Abbandonata la band, la carriera da solista di Diana vanta numerose collaborazioni con nomi di spicco del panorama musicale italiano, tra cui Chiara Civello e Tiziano Ferro. Per quest’ultimo firma i due brani “E fuori è buio” e “Scivoli di nuovo”.
Con all’attivo due album incisi, la musica di Diana Tejera è intrisa di contaminazioni e sonorità ricercate, che la rendono un’artista eclettica e raffinata.
Fino a qualche giorno fa, è stata la Madrina della 14esima edizione di “Immaginaria –International Film Festival of Lesbians & Other Rebellious Women”, il festival a sostegno delle registe lesbiche svoltosi al Nuovo Cinema Aquila di Roma.

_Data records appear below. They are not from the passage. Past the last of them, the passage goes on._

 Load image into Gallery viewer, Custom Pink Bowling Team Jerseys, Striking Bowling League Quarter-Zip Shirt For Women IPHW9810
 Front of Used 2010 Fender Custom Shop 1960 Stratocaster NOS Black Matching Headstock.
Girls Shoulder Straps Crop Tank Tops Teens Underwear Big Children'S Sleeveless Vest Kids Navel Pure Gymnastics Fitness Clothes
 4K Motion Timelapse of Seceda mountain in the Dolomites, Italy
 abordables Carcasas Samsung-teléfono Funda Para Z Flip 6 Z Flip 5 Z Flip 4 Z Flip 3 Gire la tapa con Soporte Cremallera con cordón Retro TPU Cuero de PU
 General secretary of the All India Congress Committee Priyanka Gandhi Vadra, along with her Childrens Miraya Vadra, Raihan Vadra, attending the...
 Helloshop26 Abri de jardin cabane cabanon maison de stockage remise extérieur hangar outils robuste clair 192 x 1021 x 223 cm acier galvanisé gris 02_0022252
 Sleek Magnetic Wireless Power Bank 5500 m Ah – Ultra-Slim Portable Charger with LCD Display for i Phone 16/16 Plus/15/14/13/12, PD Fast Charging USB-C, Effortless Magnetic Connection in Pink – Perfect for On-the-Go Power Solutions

Diana cosa ti ha spinta a dire di sì a questo Festival?
Mi ha colpito la loro richiesta e sono molto orgogliosa di essere stata la Madrina di una rassegna così importante, perché proprio in questo periodo storico è fondamentale sottolineare che le donne non hanno nulla di meno rispetto agli uomini. Non si sa perché, ma le donne devono sempre faticare di più ed oggi le cose stanno persino peggiorando. Mi sento molto responsabile, poiché il mio ruolo in questo festival è un messaggio di apertura e sostegno verso le donne e gli omosessuali.
Com’è il mondo lesbo nella musica?
Vedo molte cantante lesbiche che scrivono ancora al maschile e se ne vergognano. In Italia c”è ancora questo tabù e l’unico a fare coming out è stato Tiziano Ferro. Ha fatto bene perché penso sia un dovere sociale. La riservatezza è rispettabile ma la negazione è imperdonabile. L’artista ha il dovere di trasmettere un messaggio di apertura collettiva. Anch’io all’inizio mi tenevo a distanza da questi temi, ma poi ho capito che era ora di metterci la faccia e così ho fatto. Dovrebbero farlo tutti.

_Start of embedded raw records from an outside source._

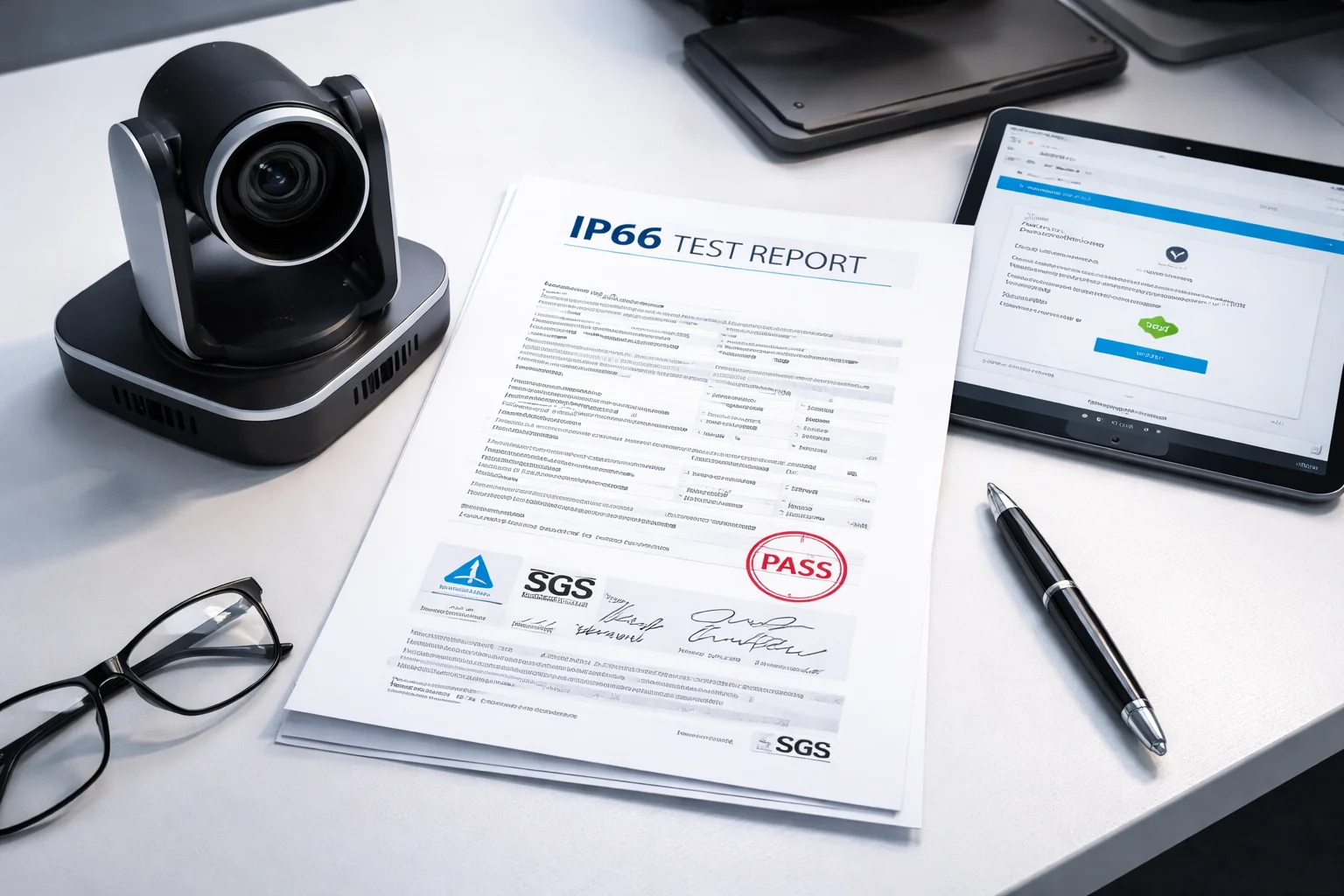 IP66 test report verification from accredited lab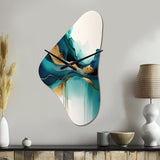 Teal And Gold Abstract Expression II - Asymmetric Metal Wall Clock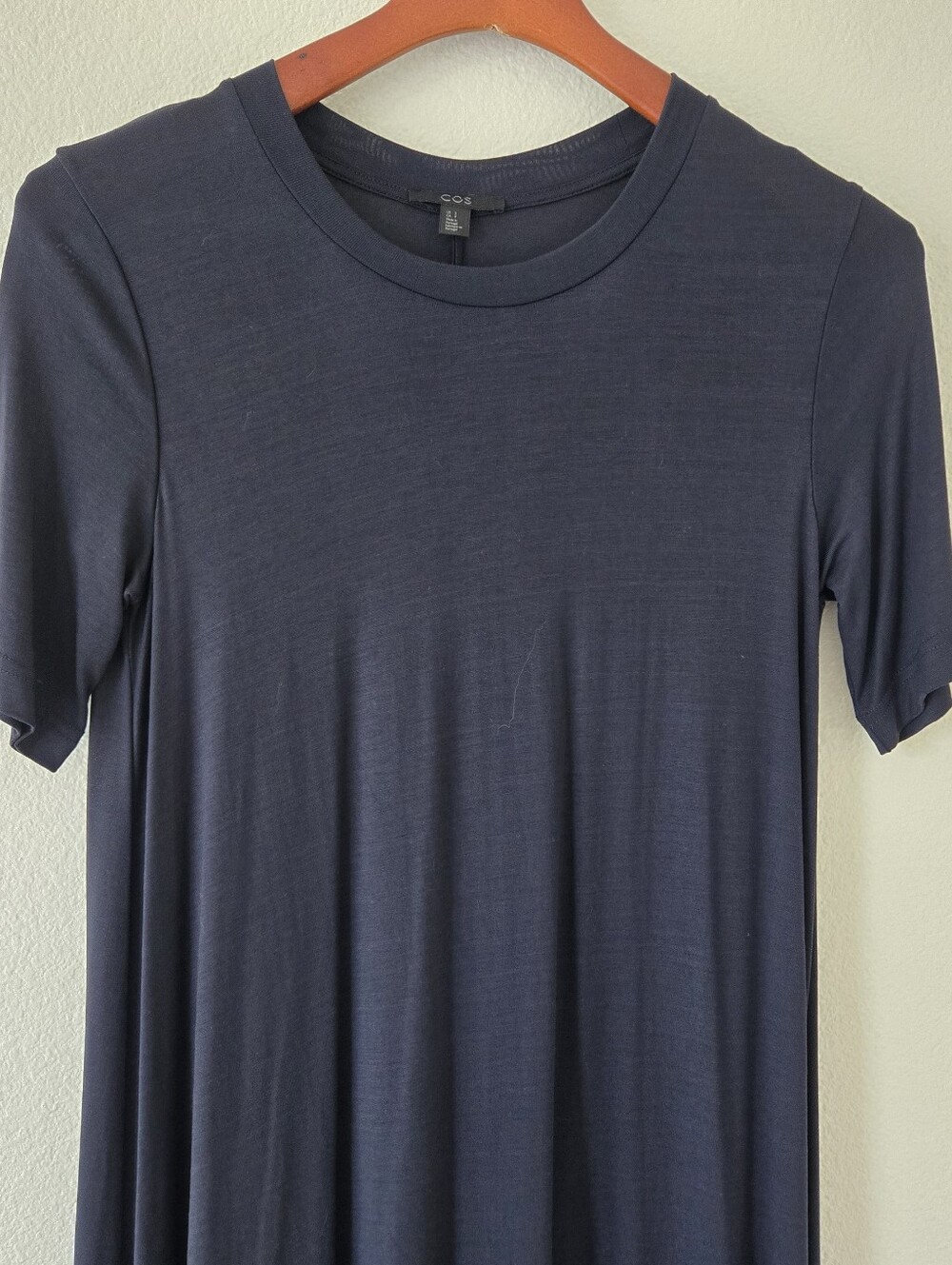 COS Voluminous Maxi T-shirt Dress Navy Relaxed Fit Pullover Size Small Lyocell - Picture 8 of 16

La tua musica è piena di contaminazioni e suoni ricercati. Come nasce?
Mio padre è spagnolo, mentre mia madre è italiana. Ho viaggiato tanto e mi piace sperimentare e questo lo si ritrova nella mia musica. Essere un artista fuori dall’Italia viene considerato un lavoro ed è bello che gli altri si siedano e ti ascoltino. C’è rispetto per il mestiere che fai e quando suono, anche se non tutti capiscono la mi lingua, noto che sono entusiasti della mia musica. In Italia è una fatica, si segue il personaggio e non il testo o la musica. E’ un paese bellissimo ma difficile.
Per questo ha creato Riprendiamoci Trastevere?

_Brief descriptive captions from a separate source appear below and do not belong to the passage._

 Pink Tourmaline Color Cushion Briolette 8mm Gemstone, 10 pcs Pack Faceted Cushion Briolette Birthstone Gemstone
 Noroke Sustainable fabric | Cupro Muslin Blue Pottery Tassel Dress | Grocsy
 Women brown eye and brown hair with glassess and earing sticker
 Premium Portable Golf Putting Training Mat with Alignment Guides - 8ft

Sì, è una rassegna di cantautorato prettamente femminile (ma con una piccola partecipazione maschile) che si svolge con grande successo tutti i giovedì. Io nasco a Trastevere, ma a causa del turismo eccessivo ho dovuto cambiare quartiere perché non c’era più spazio per noi musicisti. Forse l’unico rimasto è Callisto, il mio ex portiere di casa. Quindi ho dovuto iniziare a suonare altrove e con Angela Baraldi un giorno ci siamo dette: “Perché non riportiamo la musica a Trastevere e ce la riprendiamo?” E così è stato.